In 2020, Google introduced Vision Transformer (ViT), a vision model based on the transformer neural network. In this model, input is a stream of image patches. It directly predicts class labels for the image. When trained on sufficiently large data, ViT is found to outperform CNN models which have been traditionally used for computer vision applications.
Facebook (now Meta) has also launched a similar transformer model called the Data-efficient Image Transformer (DeiT). It operates on a knowledge distillation procedure that is based on the distillation token and can be trained with 1.2 million images.
Reinforcement learning
Researchers from the University of California, Berkeley demonstrated that the state-of-art Transformer architectures can be used to frame reinforcement learning as a big sequence modelling problem. This could be done by modelling distributions over sequence of states’ actions and rewards. This technique could also be applied to dynamics prediction, offline reinforcement learning, imitation learning, long horizon dynamics, and conditioned reinforcement learning.
For tabular data
A group of Russian researchers demonstrated a simple adaptation of Transformer architecture for tabular data. To this end, the researchers introduced the FT-Transformer (Feature tokenizer + Transformer). This model could transform all features – including categorical and numerical – to embeddings and apply a stack of transformer layers to the embeddings.
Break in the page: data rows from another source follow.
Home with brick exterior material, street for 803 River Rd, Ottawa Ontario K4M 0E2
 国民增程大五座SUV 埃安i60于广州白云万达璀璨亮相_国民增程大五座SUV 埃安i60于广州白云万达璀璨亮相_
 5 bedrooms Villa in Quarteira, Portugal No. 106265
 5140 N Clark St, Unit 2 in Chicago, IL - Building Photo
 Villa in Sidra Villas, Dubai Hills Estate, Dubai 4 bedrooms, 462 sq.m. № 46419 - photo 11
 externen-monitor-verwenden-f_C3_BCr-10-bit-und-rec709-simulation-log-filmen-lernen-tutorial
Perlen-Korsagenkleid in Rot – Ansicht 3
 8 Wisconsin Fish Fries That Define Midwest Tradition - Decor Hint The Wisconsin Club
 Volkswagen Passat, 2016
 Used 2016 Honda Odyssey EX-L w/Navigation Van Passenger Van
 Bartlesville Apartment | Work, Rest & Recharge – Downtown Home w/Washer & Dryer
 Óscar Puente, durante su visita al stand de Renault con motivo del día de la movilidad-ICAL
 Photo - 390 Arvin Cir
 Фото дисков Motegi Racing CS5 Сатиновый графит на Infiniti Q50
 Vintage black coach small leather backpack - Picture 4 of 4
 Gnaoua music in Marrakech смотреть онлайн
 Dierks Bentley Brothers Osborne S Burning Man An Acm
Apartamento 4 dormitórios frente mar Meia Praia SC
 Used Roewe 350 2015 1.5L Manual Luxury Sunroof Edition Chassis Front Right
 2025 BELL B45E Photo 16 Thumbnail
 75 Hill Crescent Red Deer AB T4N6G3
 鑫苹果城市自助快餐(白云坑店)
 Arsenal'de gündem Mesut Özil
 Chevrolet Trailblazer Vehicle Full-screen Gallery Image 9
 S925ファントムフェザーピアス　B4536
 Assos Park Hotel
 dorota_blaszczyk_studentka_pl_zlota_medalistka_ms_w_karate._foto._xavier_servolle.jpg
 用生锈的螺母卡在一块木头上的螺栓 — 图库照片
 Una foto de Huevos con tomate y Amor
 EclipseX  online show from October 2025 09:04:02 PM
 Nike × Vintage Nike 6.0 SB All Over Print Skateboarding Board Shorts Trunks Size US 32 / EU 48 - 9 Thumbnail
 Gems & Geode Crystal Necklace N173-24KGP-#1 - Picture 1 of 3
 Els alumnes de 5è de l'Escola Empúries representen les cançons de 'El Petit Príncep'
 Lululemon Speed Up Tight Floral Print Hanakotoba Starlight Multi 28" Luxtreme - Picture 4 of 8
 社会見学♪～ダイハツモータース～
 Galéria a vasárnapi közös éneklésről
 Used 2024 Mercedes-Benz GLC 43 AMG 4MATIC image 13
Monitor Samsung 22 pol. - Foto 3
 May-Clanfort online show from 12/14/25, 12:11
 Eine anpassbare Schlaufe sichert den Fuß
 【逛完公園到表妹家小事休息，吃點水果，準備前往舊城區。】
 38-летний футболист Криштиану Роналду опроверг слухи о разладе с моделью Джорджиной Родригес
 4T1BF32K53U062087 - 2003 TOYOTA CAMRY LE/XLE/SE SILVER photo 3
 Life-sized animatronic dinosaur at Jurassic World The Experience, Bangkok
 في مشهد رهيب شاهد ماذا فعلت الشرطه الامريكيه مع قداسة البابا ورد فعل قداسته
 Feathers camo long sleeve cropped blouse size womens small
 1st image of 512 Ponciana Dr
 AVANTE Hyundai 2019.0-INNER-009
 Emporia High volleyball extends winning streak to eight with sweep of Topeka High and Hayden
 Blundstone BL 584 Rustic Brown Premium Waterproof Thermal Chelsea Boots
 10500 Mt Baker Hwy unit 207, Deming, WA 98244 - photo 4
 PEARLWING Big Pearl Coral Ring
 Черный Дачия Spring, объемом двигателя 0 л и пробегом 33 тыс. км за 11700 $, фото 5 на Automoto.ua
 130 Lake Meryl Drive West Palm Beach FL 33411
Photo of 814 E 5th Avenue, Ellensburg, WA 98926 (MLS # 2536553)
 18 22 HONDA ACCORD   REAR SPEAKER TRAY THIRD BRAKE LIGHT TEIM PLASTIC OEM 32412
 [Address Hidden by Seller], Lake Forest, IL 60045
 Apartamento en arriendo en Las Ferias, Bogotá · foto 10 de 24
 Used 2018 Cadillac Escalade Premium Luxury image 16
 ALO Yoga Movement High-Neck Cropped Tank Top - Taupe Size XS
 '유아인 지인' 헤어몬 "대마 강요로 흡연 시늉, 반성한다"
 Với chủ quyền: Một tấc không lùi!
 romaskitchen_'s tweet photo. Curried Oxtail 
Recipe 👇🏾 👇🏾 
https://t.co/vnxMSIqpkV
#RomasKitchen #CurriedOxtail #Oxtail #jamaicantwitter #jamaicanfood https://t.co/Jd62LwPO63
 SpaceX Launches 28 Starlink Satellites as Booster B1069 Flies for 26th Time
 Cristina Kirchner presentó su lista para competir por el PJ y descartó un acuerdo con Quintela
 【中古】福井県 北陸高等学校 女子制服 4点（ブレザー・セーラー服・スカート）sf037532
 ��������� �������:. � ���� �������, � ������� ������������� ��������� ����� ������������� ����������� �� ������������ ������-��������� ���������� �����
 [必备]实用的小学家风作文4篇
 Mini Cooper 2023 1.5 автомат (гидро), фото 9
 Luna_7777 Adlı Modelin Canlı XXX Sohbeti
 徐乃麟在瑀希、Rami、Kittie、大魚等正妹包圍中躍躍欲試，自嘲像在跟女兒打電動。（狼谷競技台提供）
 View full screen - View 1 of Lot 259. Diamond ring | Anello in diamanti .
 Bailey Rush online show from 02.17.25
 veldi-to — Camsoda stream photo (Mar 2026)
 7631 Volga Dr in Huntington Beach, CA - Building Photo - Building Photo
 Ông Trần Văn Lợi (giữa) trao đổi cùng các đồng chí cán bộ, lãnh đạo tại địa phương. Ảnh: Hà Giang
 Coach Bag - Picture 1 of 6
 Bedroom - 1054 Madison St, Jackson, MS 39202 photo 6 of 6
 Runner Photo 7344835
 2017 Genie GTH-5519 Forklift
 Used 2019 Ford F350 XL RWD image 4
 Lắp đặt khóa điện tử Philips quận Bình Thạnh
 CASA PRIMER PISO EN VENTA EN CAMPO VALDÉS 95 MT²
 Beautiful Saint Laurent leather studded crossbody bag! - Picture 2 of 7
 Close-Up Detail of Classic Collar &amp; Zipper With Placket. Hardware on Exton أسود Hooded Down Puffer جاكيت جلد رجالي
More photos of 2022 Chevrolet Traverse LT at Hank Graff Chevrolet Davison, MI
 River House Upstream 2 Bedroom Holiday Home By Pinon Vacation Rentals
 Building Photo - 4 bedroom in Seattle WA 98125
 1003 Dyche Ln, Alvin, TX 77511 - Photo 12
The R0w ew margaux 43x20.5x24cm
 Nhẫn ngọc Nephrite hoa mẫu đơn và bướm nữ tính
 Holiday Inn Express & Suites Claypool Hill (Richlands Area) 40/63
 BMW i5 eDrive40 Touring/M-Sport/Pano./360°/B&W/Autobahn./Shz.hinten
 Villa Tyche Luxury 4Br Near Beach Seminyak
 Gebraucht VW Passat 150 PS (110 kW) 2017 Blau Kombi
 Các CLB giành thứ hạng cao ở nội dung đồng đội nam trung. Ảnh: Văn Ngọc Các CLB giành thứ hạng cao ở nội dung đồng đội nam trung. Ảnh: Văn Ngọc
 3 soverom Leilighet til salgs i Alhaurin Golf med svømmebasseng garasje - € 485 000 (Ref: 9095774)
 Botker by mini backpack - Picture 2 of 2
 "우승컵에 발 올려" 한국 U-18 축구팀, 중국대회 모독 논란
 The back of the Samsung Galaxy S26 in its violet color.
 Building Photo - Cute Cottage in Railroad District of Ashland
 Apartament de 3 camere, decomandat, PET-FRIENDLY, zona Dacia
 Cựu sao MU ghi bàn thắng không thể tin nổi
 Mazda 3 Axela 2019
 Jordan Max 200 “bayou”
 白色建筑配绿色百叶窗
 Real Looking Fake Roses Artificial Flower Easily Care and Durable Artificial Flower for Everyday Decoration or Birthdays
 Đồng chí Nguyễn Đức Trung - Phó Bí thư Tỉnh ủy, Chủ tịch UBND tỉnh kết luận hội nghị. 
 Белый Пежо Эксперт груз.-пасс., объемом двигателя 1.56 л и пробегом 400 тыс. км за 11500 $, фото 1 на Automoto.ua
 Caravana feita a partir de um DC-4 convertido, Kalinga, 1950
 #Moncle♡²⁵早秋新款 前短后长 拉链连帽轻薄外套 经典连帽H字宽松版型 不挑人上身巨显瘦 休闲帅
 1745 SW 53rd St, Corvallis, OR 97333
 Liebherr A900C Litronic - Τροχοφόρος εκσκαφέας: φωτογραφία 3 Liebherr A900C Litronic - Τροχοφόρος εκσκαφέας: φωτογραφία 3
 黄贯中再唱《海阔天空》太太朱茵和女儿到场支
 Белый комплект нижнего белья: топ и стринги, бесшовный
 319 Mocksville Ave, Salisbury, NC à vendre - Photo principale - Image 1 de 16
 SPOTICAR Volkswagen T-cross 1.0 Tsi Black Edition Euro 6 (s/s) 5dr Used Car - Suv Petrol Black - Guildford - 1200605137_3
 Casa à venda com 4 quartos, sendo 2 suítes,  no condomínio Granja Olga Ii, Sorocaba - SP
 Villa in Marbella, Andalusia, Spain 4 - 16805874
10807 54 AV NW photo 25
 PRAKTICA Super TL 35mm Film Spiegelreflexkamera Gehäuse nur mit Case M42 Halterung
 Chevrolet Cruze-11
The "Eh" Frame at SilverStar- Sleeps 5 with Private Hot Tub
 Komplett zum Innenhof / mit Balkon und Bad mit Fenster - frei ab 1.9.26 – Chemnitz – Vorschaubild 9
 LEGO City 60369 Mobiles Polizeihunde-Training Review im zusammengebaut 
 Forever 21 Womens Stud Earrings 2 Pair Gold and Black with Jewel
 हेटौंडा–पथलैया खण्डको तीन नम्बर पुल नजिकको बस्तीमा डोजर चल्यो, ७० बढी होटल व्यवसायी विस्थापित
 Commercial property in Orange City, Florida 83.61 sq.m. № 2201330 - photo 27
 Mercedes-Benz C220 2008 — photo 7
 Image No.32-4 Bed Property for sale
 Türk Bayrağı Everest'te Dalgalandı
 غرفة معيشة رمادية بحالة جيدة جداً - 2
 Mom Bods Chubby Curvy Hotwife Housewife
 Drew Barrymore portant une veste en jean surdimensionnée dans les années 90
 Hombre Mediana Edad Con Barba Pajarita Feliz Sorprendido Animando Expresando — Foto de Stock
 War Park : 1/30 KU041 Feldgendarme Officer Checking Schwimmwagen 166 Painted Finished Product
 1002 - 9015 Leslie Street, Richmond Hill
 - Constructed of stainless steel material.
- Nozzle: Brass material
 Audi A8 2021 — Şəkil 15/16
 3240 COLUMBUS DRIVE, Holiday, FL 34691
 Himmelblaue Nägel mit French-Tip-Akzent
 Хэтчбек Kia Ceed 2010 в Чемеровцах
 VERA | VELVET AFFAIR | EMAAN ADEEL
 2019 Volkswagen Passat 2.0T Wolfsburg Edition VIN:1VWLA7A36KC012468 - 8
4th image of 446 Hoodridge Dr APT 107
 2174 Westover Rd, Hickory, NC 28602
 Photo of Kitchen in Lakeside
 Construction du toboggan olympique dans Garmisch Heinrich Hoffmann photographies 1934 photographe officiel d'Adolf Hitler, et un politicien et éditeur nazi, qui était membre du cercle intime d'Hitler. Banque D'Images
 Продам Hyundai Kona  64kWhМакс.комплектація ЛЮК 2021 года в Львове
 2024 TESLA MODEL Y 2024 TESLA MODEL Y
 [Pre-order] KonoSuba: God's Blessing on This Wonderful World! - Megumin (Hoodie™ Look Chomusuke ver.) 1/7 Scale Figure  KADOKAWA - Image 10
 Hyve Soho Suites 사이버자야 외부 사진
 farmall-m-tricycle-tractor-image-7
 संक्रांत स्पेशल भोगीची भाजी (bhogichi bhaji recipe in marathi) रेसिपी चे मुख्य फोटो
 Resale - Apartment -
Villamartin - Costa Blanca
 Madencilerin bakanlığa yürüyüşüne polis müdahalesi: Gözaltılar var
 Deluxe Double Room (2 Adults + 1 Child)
Here every transformer layer operates on the feature level of one object.
DABS
This year, researchers from Stanford University published a paper titled ‘DABS: A Domain-Agnostic Benchmark for Self-Supervised Learning’. This paper outlined how self-supervised learning algorithms like BERT and SimCLR are highly successful models in their respective domains but they are also very domain-specific. This means that the new algorithms need to be developed for each new setting. To this end, the researchers introduce a domain-agnostic method called the Domain-Agnostic Benchmark for Self-Supervised Learning, also known as DABS.
To perform well on this benchmark, a given algorithm is evaluated on seven domains – natural images, English text, speech recordings, multichannel sensor data, chest x-rays, and images with text descriptions. These domains contain unlabelled datasets for pretraining. The model is scored on its downstream performance on a set of labelled tasks in the domain. The team also introduced e-Mix and ShED, two baseline domain agnostic algorithms.
DABS (Source: arXiv)
Is such consolidation desirable
The Twitter thread saw massive engagement with a lot of people chipping in to offer their views on Karpathy’s observation. Many called this development as the next paradigm in AI and machine learning. A person commented that if realised fully, this consolidation will help in easy multimodal fusion. “For problems with multiple input modalities (e.g. vision+language) picking a fusion strategy used to be a big deal. Now (given enough data) you can just let self-attention learn one,” he wrote.
Many others pointed out that parallels can be drawn with the neocortex which has a highly uniform architecture across the different input modalities. “Perhaps nature has stumbled by a very similar powerful architecture and replicated it in a similar fashion, varying only some of the details,” Karpathy wrote.